The Austrians responded enthusiastically to the decorative artifice of Art Nouveau, and Klimt is almost artifice incarnate.
He painted large ornamental friezes of allegorical scenes, and produced fashionable portraits, uniting the stylized shapes and unnatural colors of Symbolism with his own essentially harmonious concept of beauty.
The Kiss is a fascinating icon of the loss of self that lovers experience. Only the faces and hands of this couple are visible; all the rest is great swirl of gold, studded with colored rectangles as if to express visually the emotional and physical explosion of erotic love.
THE KISS
1907-08 (100 Kb); 180 x 180 cm (71 x 71 in); Österreichisches Galerie Wien, Vienna
Man leaning over and kissing kneeling woman. All shrouded in symbolically patterned gold. A bed of flowers below them.
I prefer the landscapes
I agree with you. This painting makes me uncomfortable - to me it seems like she is being smothered. Perhaps I'm projecting here.....
This does not seem very Art Nouveau-ish to me either.
His landscapes are a bit more in the Art Nouveau mold to me than "The Kiss".
That's from his "Alma" series....she 's his wife...check out the one with sunflowers..it's stunning..I'm looking at it as as I type..
I'd rather have him kiss me than, say, Paul Begala....or ((((shiver))) liver lips AlGore.
Leni
=^D
I've always felt that The Kiss (posted by Liz earlier) creates that sinking feeling of falling in love. The lady is in love and sinking down in that way. I've never thought of it in terms of losing one's identity, but I can see that now. (Although a wise friend of mine said once that marriage--and love--is not a 50/50 proposition, but 100/100 effort. You have to make 100% effort to make that other person become the best he or she can be.)
Here's Klimt's Life and Death. I've always liked the contrast of right vs. left sides. (That's not political rights and lefts, folks.)

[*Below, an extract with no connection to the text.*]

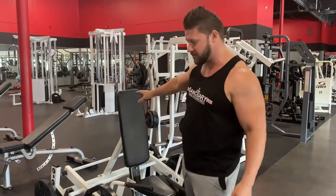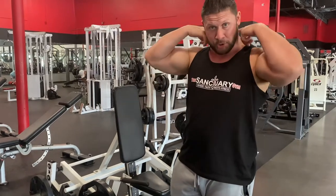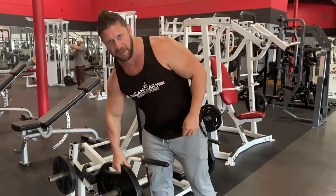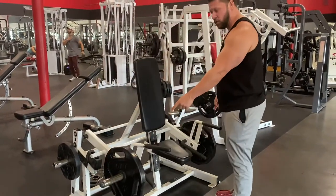Hey, what's up guys? All right, so check it out. This is our shrug machine. This machine works out your traps, these muscles, and the upper part of your back. The way this works is your plates will be loaded onto this on both sides. Your plates go on here.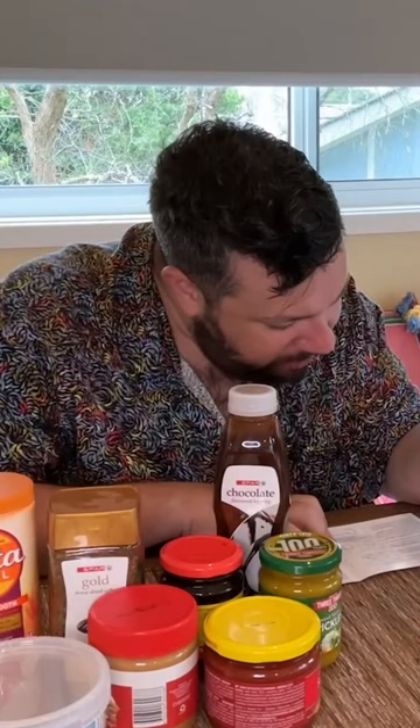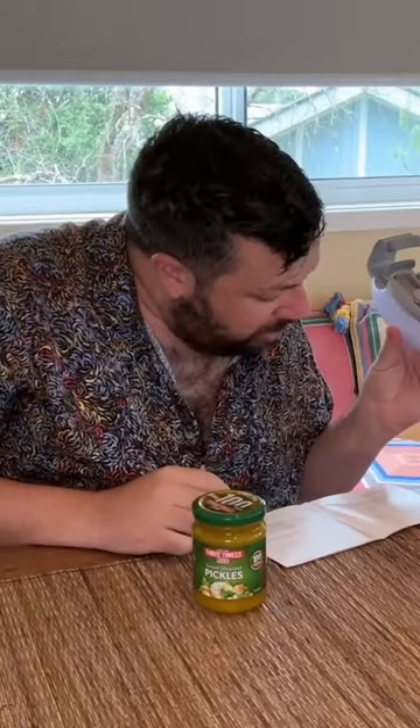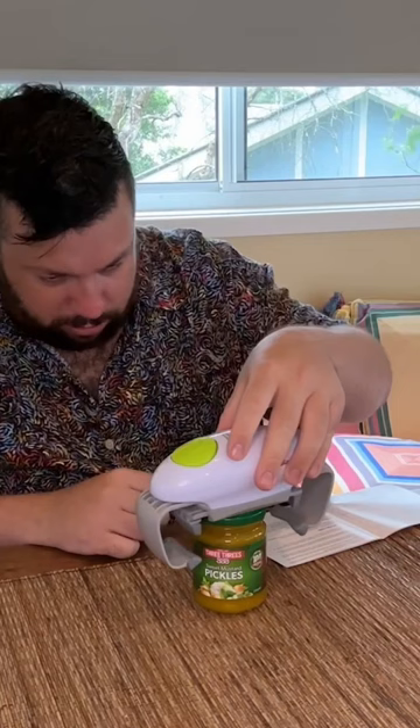Place your automatic jar opener evenly on the top of the jar — with jar and blah, blah, blah, blah. Okay, put it on this thing.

I like it. It is hard to describe in words, just like a real kiss
This landscape is nice.
They are not having sex on the right. It's a symbolic grouping everyone: old and young, male and female. Whom will Death get next? And they are all asleep, and oblivious.
Did you have to go there???? Eeeewwwwww.....
That's another comparison I hadn't considered.
But she's not looking at him. She's turned her face so he's kissing her cheek and not on the lips. To me that connotes someone who is being smothered/overwhelmed.
To me, if she really was in love - the weak-in-the-knees, butterlies inside - kind of love, she'd be gazing at him - not turning her face from him.
Lurking behind them is Death (or the Devil ?) waiting to snatch them to his realm.
But they are protected by a shield of Crucifixes keeping the creature from stealing them.
This painting is a beautifully-executed and very emotional piece of art if one studies it. Note the almost hidden faces of some young girls around the periphery of the nestling group.
Leni
I'm shocked it took 26 posts before someone posted that quote.
The Kiss is one of those paintings in which observers are expected to lose themselves, to give themselves over to the mood the artist has deftly created with his brush strokes, a mood which commands the canvas. The work is intended to transfix viewers; extravagant embellishments serve to emphasize the mood.
It's a symbolic grouping everyone: old and young, male and female. Whom will Death get next?
Et in Arcadia ego.
Even in paradise, I death hold sway.